In addition, the separation membrane of the present embodiment is a porous membrane having pores through which ions can pass in a non-aqueous charged battery. The average pore size is usually 0.01 to 5 μm, preferably 0.02 to 3 μm, and more preferably 0.05 to 1 μm. If the pore size is too small, the electrolyte will have poor liquid permeability, it will be difficult to transport ions, and resistance will be high. On the other hand, if the size is too large, the electrodes are likely to be in contact with each other, causing a short circuit. In addition, an average hole diameter can be measured by the method as described in an Example. In the present embodiment, it is preferable that the average pore diameter of any of the wide-mouth surface of the porous membrane be in the above range, and it is more preferable that any wide-mouth surface also satisfy the above range.

Furthermore, the porosity of the separation membrane of the present embodiment is usually 10 to 90% by weight, preferably 20 to 80% by weight, and particularly preferably 30 to 70% by weight. When the porosity is too low, the liquid permeability of the electrolytic solution is poor, and it becomes difficult to transport ions, resulting in high resistance. On the other hand, if the porosity is too high, the strength of the membrane itself is reduced, and cracking easily occurs, which causes a short circuit. The porosity can be measured by the method described in the examples.
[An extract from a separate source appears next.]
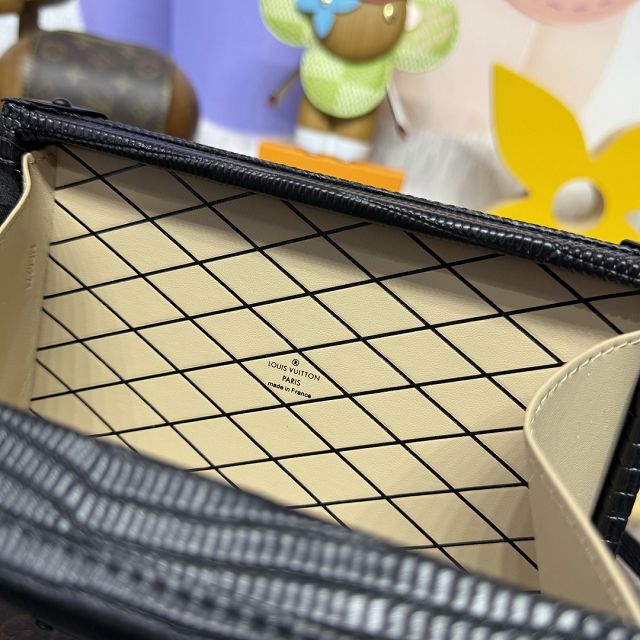 Louis vuitton original calfskin petite malle handbag N85818 black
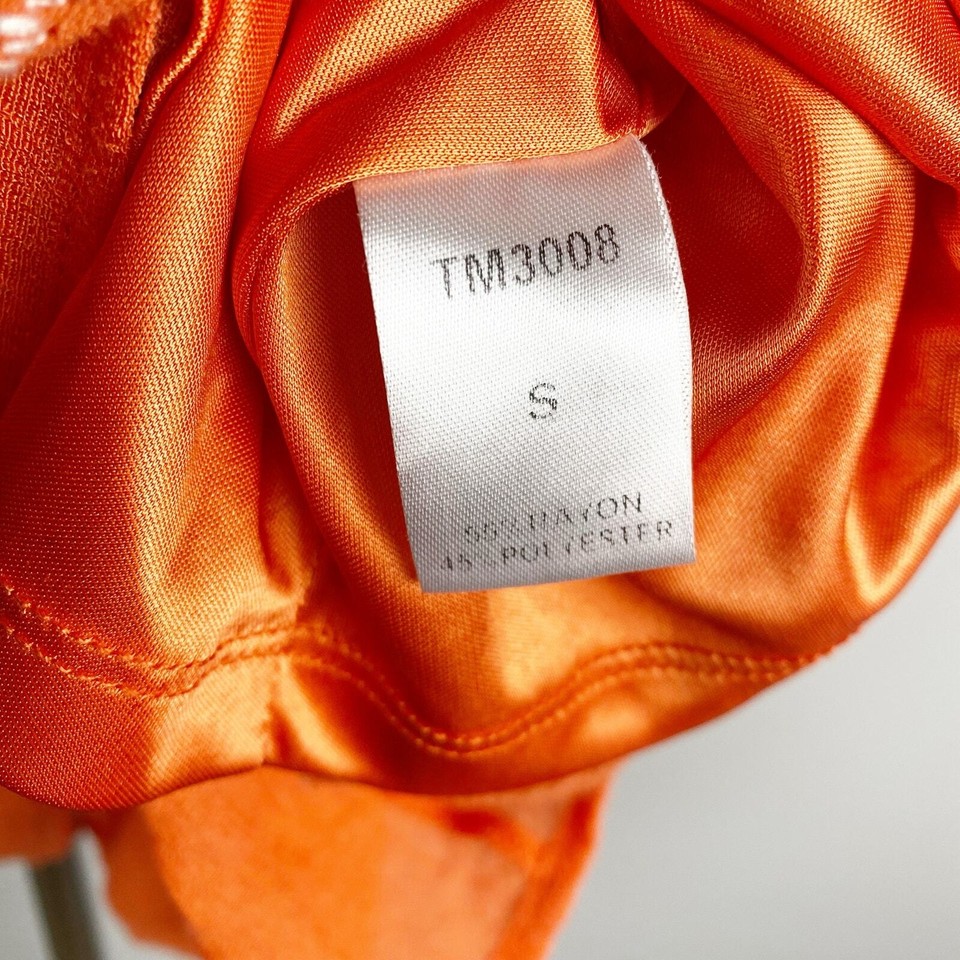 THML Embroidered Sleeveless Shift Dress Orange White Womens Size Small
The film thickness is not particularly limited, but is usually 1 to 100 μm, preferably 3 to 80 μm, and more preferably 5 to 50 μm. If it is too thick, the electrolyte will not pass well, it will be difficult to transport ions, and the resistance will be high. On the other hand, if the film is too thin, the strength of the film itself is reduced, cracking is likely to occur, and it causes short circuit.

(Manufacturing method of separation membrane)
In the present embodiment, the method for producing a separation membrane containing a polymer compound having a carboxylic acid group is not particularly limited as long as it can form a membrane, but, for example, the following (1) to (5) It can manufacture by such a process.
(1) A step of mixing an aqueous solution of a polymer compound having a carboxylic acid group with an inorganic powder, an organic substance, and / or an additive and the like.
(2) A step of applying the aqueous solution obtained in the step (1) to a substrate to form a sheet-like film.
(3) A step of extracting and removing inorganic powder and organic matter from the sheet-like film obtained in the step (2).
(4) A step of rolling and drying the film obtained in the step (3) as required.
(5) A step of peeling the film obtained in the step (4) from the substrate.

In the step (1), first, an aqueous solution (for example, a 10% by weight aqueous solution) containing the polymer residue of the present embodiment is prepared. The content of the inorganic powder, the organic substance, the additive and the like is preferably 10 to 90% by weight, more preferably 20 to 80% by weight, particularly preferably 30 to 70% by weight based on the polymer compound having a carboxylic acid group. %. If the amount is too small, the ion transportability is reduced, and the resistance is high. If the amount is too large, the strength of the membrane itself may be reduced, and the membrane may be easily cracked and not function as a separation membrane.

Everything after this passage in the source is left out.